合同会社JC1の小林柚香里です。前回の続きです。アトピー性皮膚炎が治ったあとも、外食中心で、深夜残業や夜更かしをすることが多く、からだには全く優しくない生活を送っていました。仕事が忙しくなると、朝はマック、昼はコンビニ、夜はカップラーメン、という日もありました。

「ライオン」「アヒル」「ゴリラ」になる

30代半ばになると、半年に一回ほど、疲れた時やお酒を飲んだ時など、急に顔の一部が通常の倍以上のサイズに腫れるようになりました。目頭が腫れると額と目頭の高さが同じになるので「ライオンになった」、上唇が腫れると「アヒルになった」、下唇が腫れると「ゴリラになった」と言って、自虐ネタにしていました。
 
それと並行して、重度の過敏性大腸炎になったのもこの頃です。歩いている途中に、急にうずくまって立てなくなるくらいお腹が痛くなる日が続き、とうとう検査入院することになりました。
 
血液検査から始まり、CT、MRI、胃カメラ、腸カメラ、24時間の心電図、などなど。4日間の入院中にからだの不調の原因をくまなく調べてもらったのですが、結果は「原因不明」。
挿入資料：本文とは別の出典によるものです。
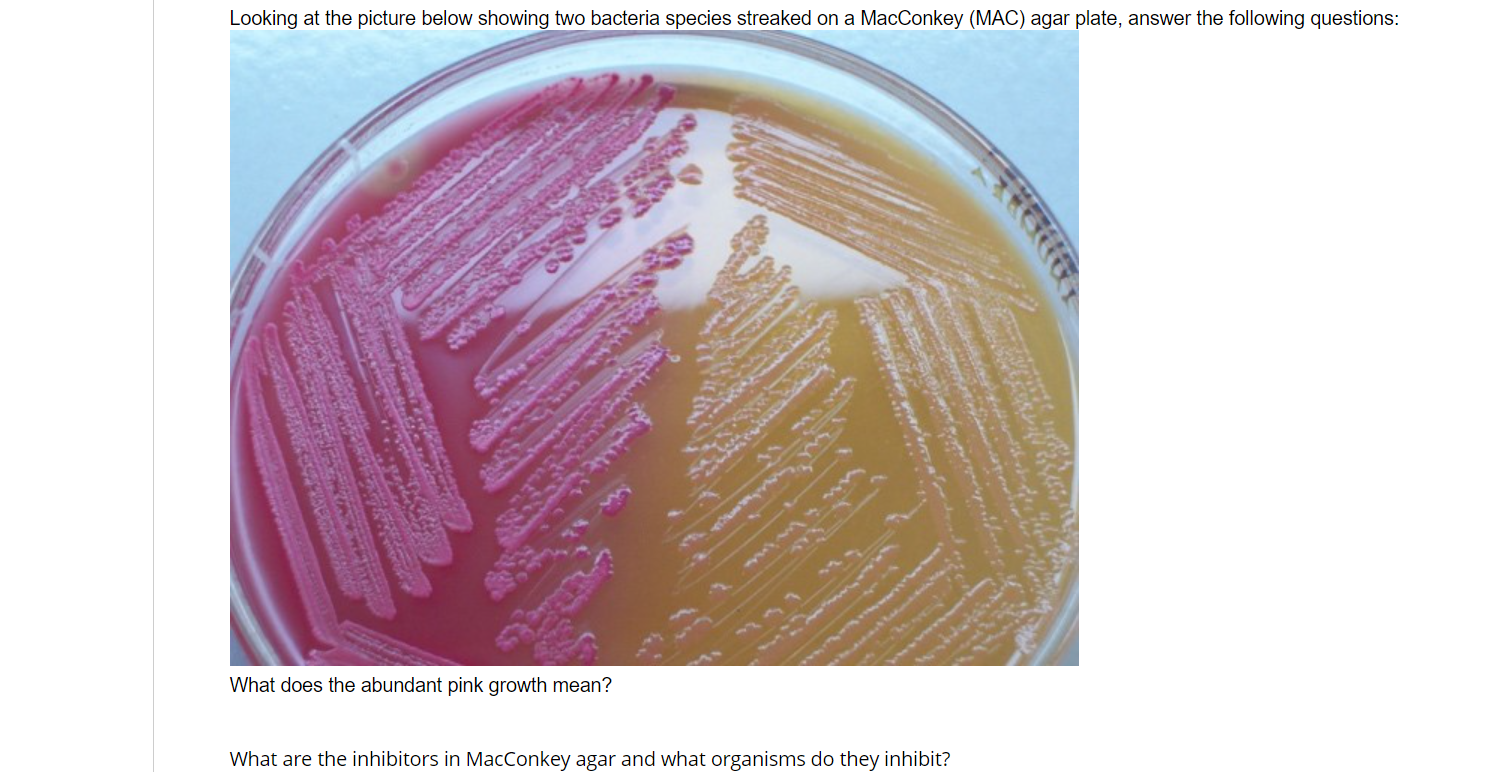 Solved Looking at the picture below showing two bacteria | Chegg.com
生活環境の変化によるストレスでしょう、という診断でしたが、この腹痛もしばらくすると消えました。
 
新婚旅行で7泊8日の地中海クルージングをしていた最中、フォーマル・ディナーの最中に、夫に「おい、ライオンになってるぞ」と耳元で囁かれ、鏡を見ると、まさに顔がライオンに変身中! すぐにディナーを中座して、乗船しているはずのドクターを探しにいきました。
 
ドクターをやっと見つけて、医務室へ。そこで、ちょっと酔っ払っていてイタリア語訛りの英語を話すドクターに「私はアレルギー体質で、たまに蕁麻疹が出ます」と一生懸命伝えても、伝わってるのか、伝わっていないのか、いまひとつはっきりしないのです。ある意味、とてもスリリングでした。
 
そして、たぶん一生のうち最初で最後の「地中海の上を航行中のクルージング船の医務室でイブニング・ドレスを来たまま点滴を受ける」という貴重な経験をしたのでした。
 
会社で「アヒル」への変身が始まってしまった時には、即会社を早退し、病院に。この頃の私の蕁麻疹は、大体2日経つと綺麗さっぱり治ってしまっていました。
 
だから、2日休んだ後に出社して、上司に「蕁麻疹でお休みいただきました」と報告したところ、顔をジロジロ見られて「何もあとが残ってないねぇ」といかにもズル休みしたな、的なコメントをもらったこともあるくらいです。
 
急に出るこの蕁麻疹は厄介だなと思いつつも、腫れが引いた後は全く何ともないので、アトピーと同じようにそのうち治るだろう、くらいに軽く考えていたのでした。